But I think that the past 100 days have exposed something more immediate and perhaps more damaging.

It’s redundant to state that the GNU represents something unprecedented. While coalition governments are not new, this has been forced on the ANC by the necessity of losing its national majority, and is – for the erstwhile opposition – not driven by a mutual suspicion of the ANC. 

The existential question for the endurance – let alone the success of the GNU – is whether they can make this model work.

It’s necessary to take a step back and recall that in the run-up to the election, much of the commentary about prospective coalitions took aim at the DA for ruling out (sort of) a coalition with the ANC. To its critics, this was selfish and short-sighted, “petty politics” that the country could not afford.

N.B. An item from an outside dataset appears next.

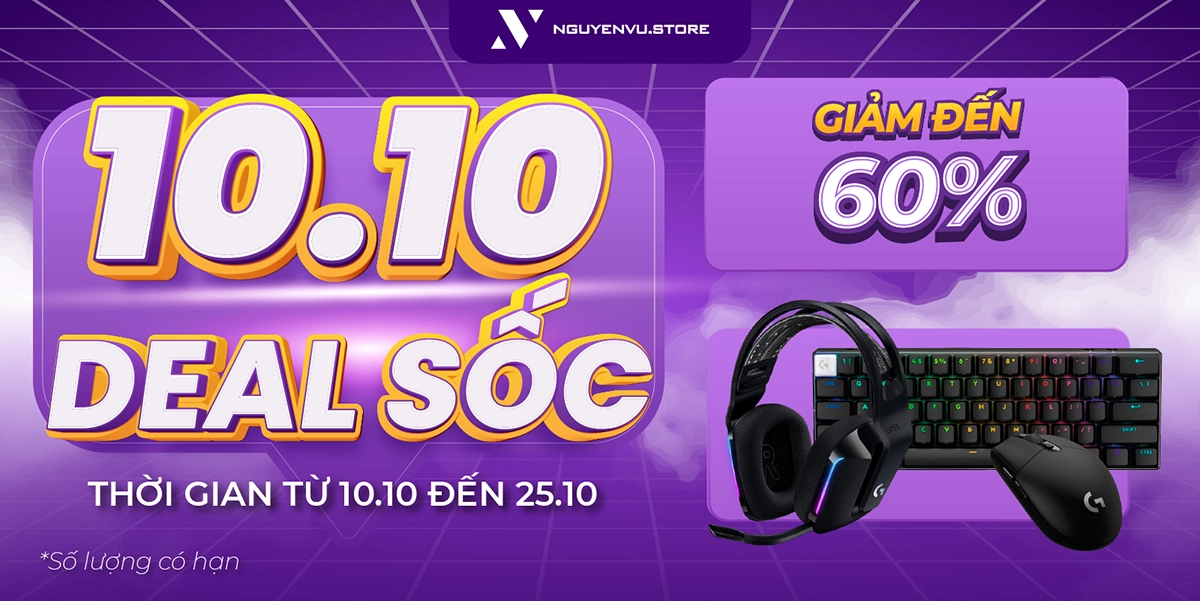 Deal sốc 10.10 | Sản phẩm Logitech ưu đãi đến 60% | Nguyễn Vũ Store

Here it needed to ante up “for the good of the country”. Melanie Verwoerd took this future, telling the DA that it owed this to the country, and advising the DA not to expect too much in terms of positions and influence. 

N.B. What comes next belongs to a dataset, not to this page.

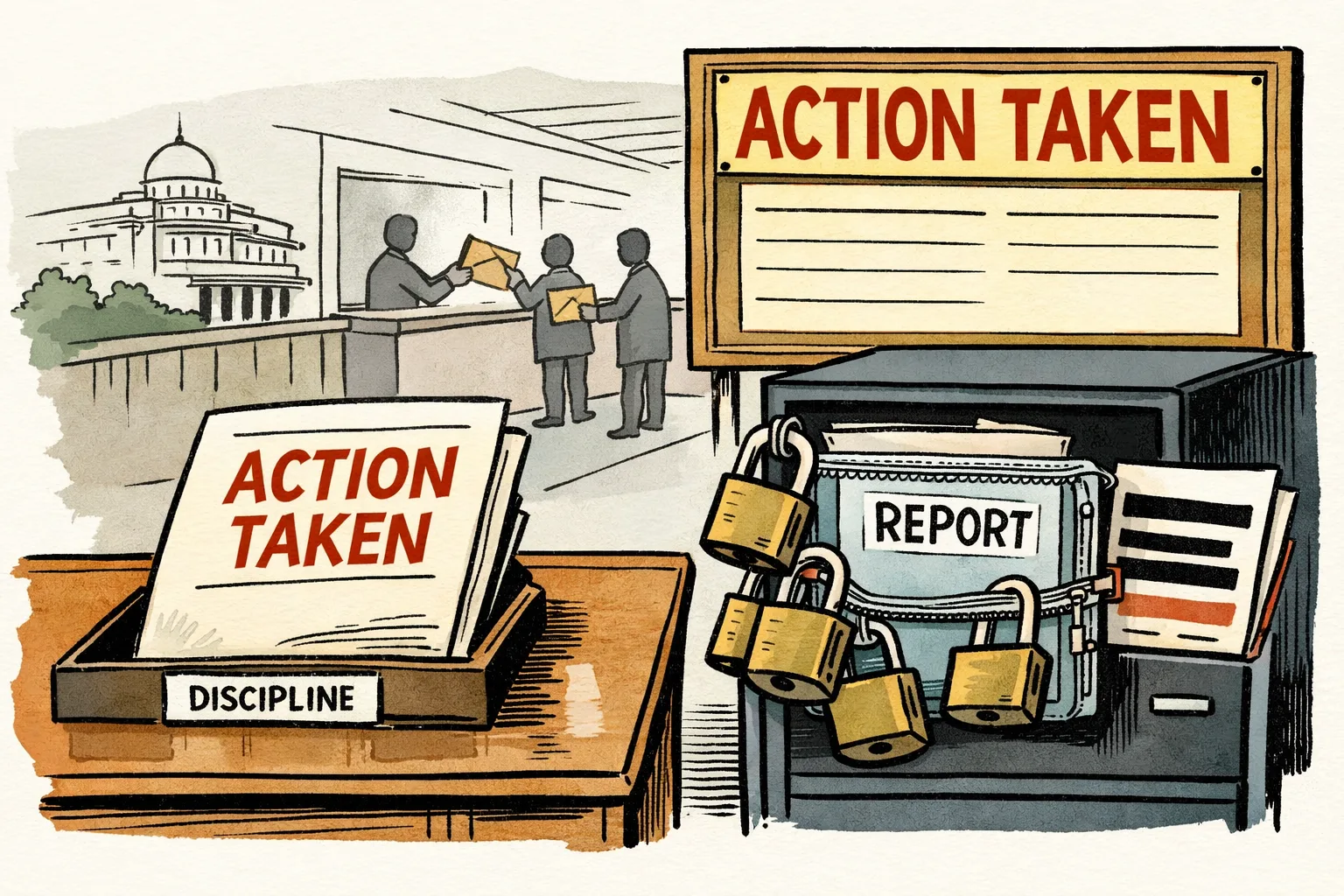 A large government desk displays an action-taken sheet while a locked cabinet beside it conceals a folder labelled report; a government building is visible in the background.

Embedded in this was an unspoken note of menace: unless the DA prostrated itself before the ANC, the latter would opt for a ruinous deal with the Economic Freedom Fighters (or later the uMkhonto we Sizwe Party). An interesting thought, suggesting that power is the ANC’s by right – one way or another – and that whether this is “for the good of the country” or not was not a matter of great import to it, nor were those hectoring the DA seemingly concerned about what this said about the ANC as a coalition partner.

At issue in all coalitions is whether they work for all their participants. Whether or not an arrangement functions “for the good of the country” or “for the good of the people” runs along with the question of whether the arrangement works for the parties involved. This is the nature of democracy, or more accurately, democratic pluralism. Parties represent constituencies whose interests are on various matters not going to be aligned with one another – that is legitimate and positive. “The good of the country” (and even more so, “the good of the people”) is a slippery, relational idea, and in a democracy, it is always the subject of negotiation and qualification.

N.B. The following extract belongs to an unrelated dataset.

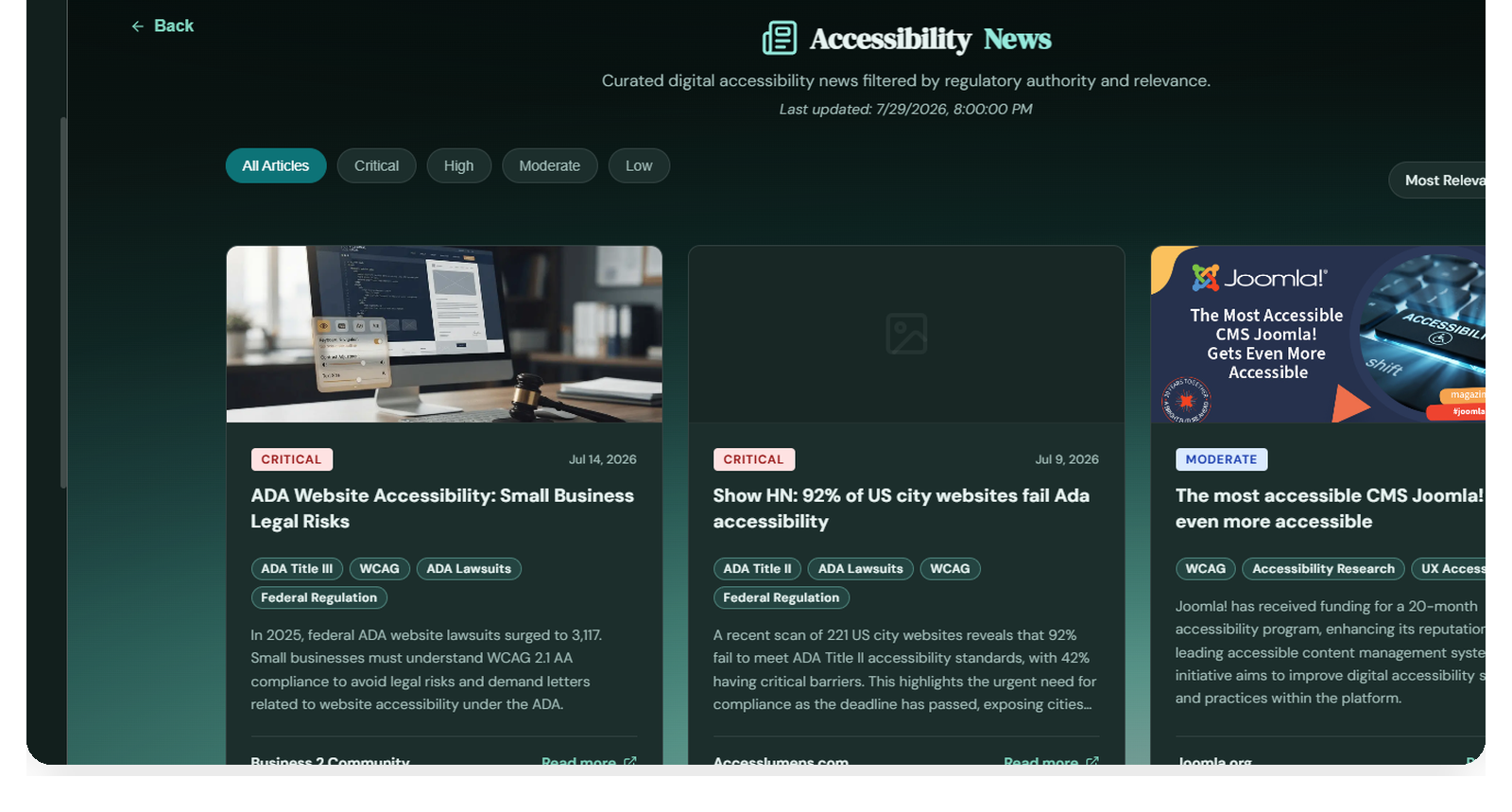 Accessibility News page with curated articles and filters for regulatory, standards, and enforcement updates.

Whether the parties that have committed themselves to the coalition can claim benefits for those constituencies is an existential question. Having entered government along with erstwhile opponents, they risk repelling some of their supporters. They lose the freedom to criticise and take on responsibility for decisions they may not ideally have made. 

In South Africa, parties to the GNU face these risks in a heightened form. For the ANC, it must explain that it compromised its revolutionary agenda to accommodate parties it had demonised as representing recalcitrant racists and venal capitalists. For the DA, it has extended a lifeline to the party of decrepit 1960s Cold War ideology, incompetence, corruption and state capture. 

Each party will need to be able to make a strong case to its supporters that entering the coalition was to their benefit. Since there are numerous examples worldwide of parties being punished by their supporters for ill-fated participation in coalitions, this is something that all members of the GNU – particularly the DA – will be wary of.

In other words, it’s in the interests of the durability of the coalition to ensure that each of its partners is able to deliver wins to its constituency. On this, I am concerned. 

For all the chastisement that the DA received prior to the vote for expressing reluctance to work with the ANC, it was ultimately willing to do so, on the principle that cooperating with a deeply compromised ANC would be preferable (“for the good of the country”) to seeing that deeply compromised ANC team up with the EFF and MK. The latter may well have meant the effective end of constitutional governance. (Aside: it’s also the option that one of South Africa’s great anti-corruption icons Thuli Madonsela promoted.)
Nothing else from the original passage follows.